I think that's exactly what I thought of the slow movement of Haydn's Symphony No. 104. Perhaps that's the usual formula in Haydn's slow movements - interesting minor key section between two boring major ones


----------



## Vanahl (Jan 14, 2010)

*Mozart Slow Movements in Minor*

For me, the most moving slow movements in Mozart's orchestral works occur in piano concertos nos. 9,22, and, as mentioned, 23, and in the Sinfonia Concertante, K.364. But the slow movements in his symphonies have wonderful minor-key passages, e.g. the Jupiter Symphony.


----------



## Roi N (Oct 22, 2013)

Many of Haydn's introductions to the London Symphonies are minor, if that helps. And the slow movement of Symphony No. 70 is fascinating (D minor, Symphony in D Major). The finale is in a minor key as well, but it's a fast fugue. 103 has a minor slow movement. And the Andante with Variations in f minor is absolutely amazing.


----------



## hpowders (Dec 23, 2013)

The most profound and moving minor key slow movement in Mozart in my opinion, happens to be the c minor second movement andante found in the Sinfonia Concertante for violin and viola.


----------



## trazom (Apr 13, 2009)

Since the OP did ask (albeit a long time ago) for strong symphonic second movements, I'd recommend any from the Linz symphony onwards as they modulate to minor keys. Don't know how some could have trouble with any of those,...as what makes them exceptional is so obvious to me and most musicians with a pair of ears(and an IQ above that of a toaster).


----------



## HaydnBearstheClock (Jul 6, 2013)

For Haydn, the Adagio of Symphony No. 49 in F minor and that of Symphony No. 34 in D minor have to be mentioned. Haydn's quartets have some very nice movements in the minor key, I really like the one from Op. 54 No. 2. Same with Op. 20 No. 2. If I remember correctly, so does Op. 9 No. 2. Haydn's Sonata No. 19 in E minor has a great 1st movement. Also, the adagio of Sonata 38 in F Major is great. In Mozart, the Adagio of the Piano Concerto No. 23 is excellent (I still need to get to know more of Mozart's music).

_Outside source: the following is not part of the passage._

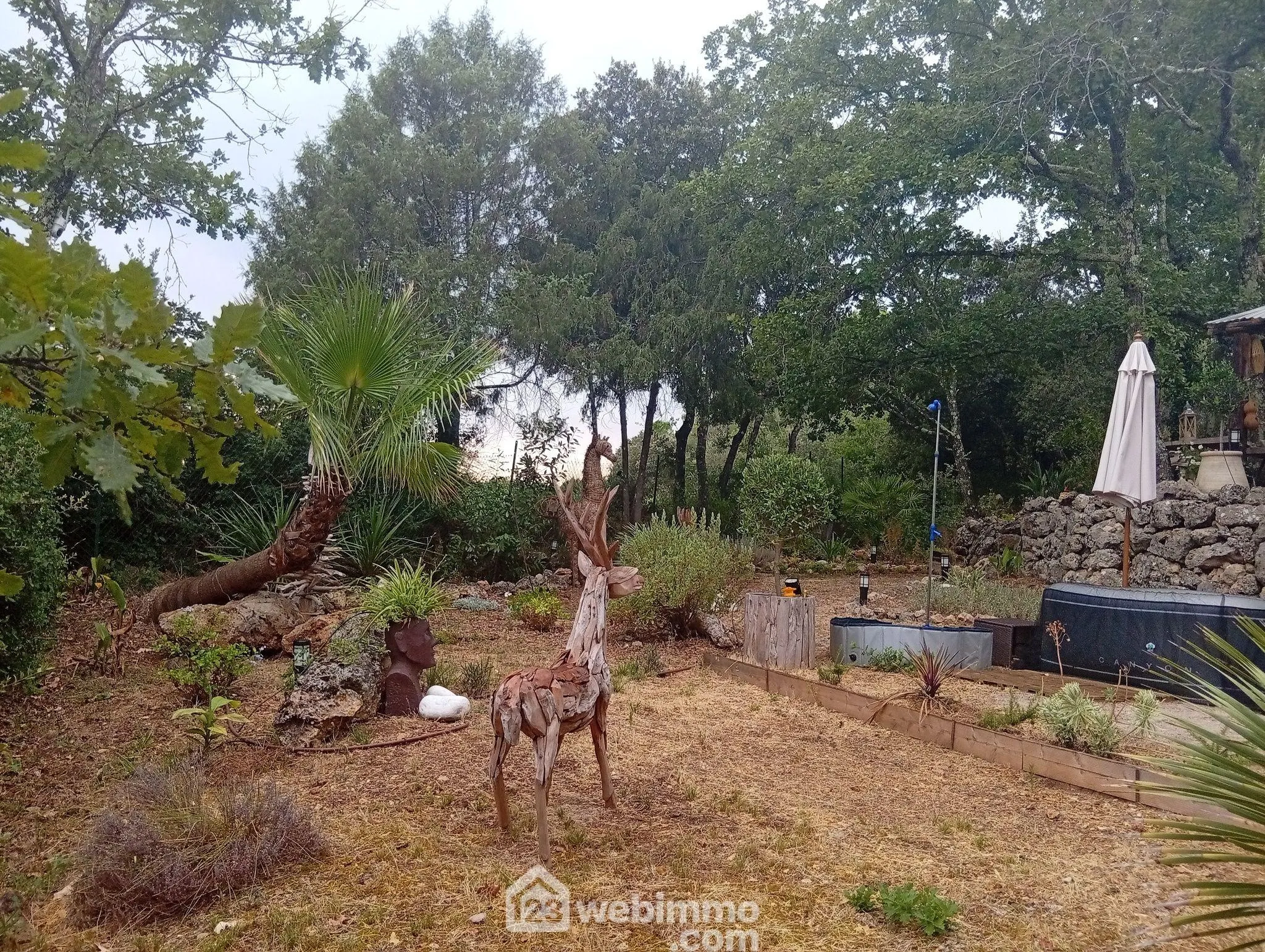 Cabanon en pierres autonome à vendre à Saint Antonin du Var avec vue dégagée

For slow movements in the minor key, try also Haydn's Seven Last Words - the Introduzione, for example. The Intermezzo, scored for winds alone, is awesome and creepy. The Overture to the Winter from Haydn's Seasons is a great slow movement in the minor, imo.


----------



## HaydnBearstheClock (Jul 6, 2013)

Dim7 said:


> For some reason every classical (in the very strict sense) slow movement tends to be in major key, whether the "main key" is minor or major. I usually find slow tempo and a major key to be a pretty bad combination. It tends to results in music that's just way too relaxed and calm to be interesting. It's the kind of music people think about when they say that classical music is "relaxing", which is probably just an euphemism for "boring." So far no Mozart or Haydn slow movement has impressed me, perhaps because of this. So what Mozart/Haydn symphonies have their slow movements in minor key?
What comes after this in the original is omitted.